Public defence in Measurement Science and Technology, M.Sc. Mikhail Korpusenko

Characterization of room-temperature primary optical standard in visible and ultraviolet spectral ranges.
- Public defence from the Aalto University School of Electrical Engineering, Department of Information and Communications Engineering
Doctoral hat floating above a speaker's podium with a microphone

The title of the thesis: Characterization of Predictable Quantum Efficient Detector

Doctoral student: M.Sc. Mikhail Korpusenko
Opponent: Dr. Howard W. Yoon, National Institute of Standards and Technology, United States
Custos: Prof. Erkki Ikonen, Aalto University School of Electrical Engineering, Department of Information and Communications Engineering 

Accurate absolute optical power measurements are highly demanded in industry and science. To provide reliable and traceable measurements users must calibrate their detectors and instruments with the help of calibration laboratories or National Metrology Institutes (NMIs). NMIs execute such calibrations against their reference detectors. The first (and most reliable) detector in traceability chain is known as primary optical standard. For decades, NMIs used Helium cooled thermal detector known as Absolute Cryogenic Radiometer (ACR) as a primary standard. Usage of ACR is challenging due to necessity of cooling it down to liquid helium temperature that makes it difficult to perform all possible calibration against ACR. To simplify calibrations in visible spectral range NMIs developed a new room temperature detector. It was proved that silicon trap detector based on induced junction photodiodes can have responsivity as good as ACR. Due to their stability and predictable responsivity these detectors were called Predictable Quantum Efficient Detectors (PQED). PQED was extensively studied in the past in visible range but usage of it in near infrared and ultraviolet ranges was complicated due to unknown responsivity deviations from predictable level. 

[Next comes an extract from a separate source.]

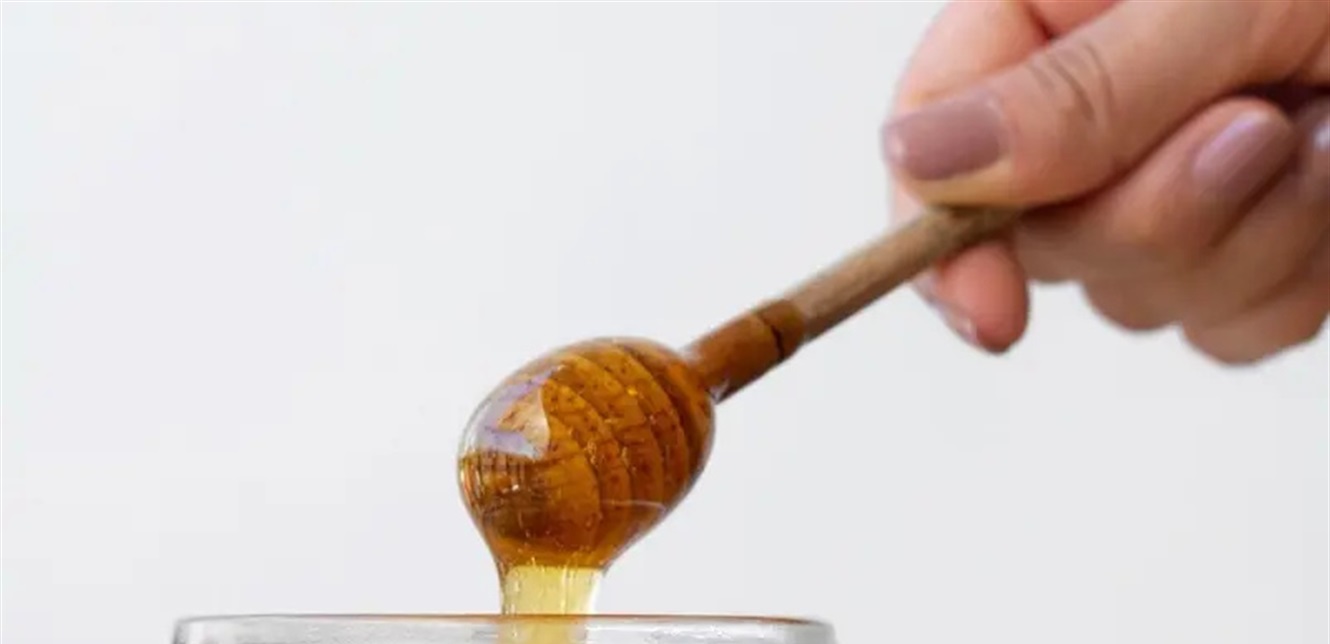 فوائد مذهلة لتناول ملعقة عسل صباحيًا.. تعرفوا عليها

This work aimed to characterize PQED in long visible and ultraviolet range to extend responsivity predictability of PQED. Measurements done at the border of visible and near infrared range show that PQEDs can be used as primary standards up to 800 nm. It gives motivation for further characterization of PQEDs at higher wavelengths up to a limit of silicon responsivity range. 

For the first time, PQED responsivity was extensively studied in the UV range. It is a first and major step for PQED becoming a primary standard at UV wavelengths which will be independent of comparison measurements against thermal detectors.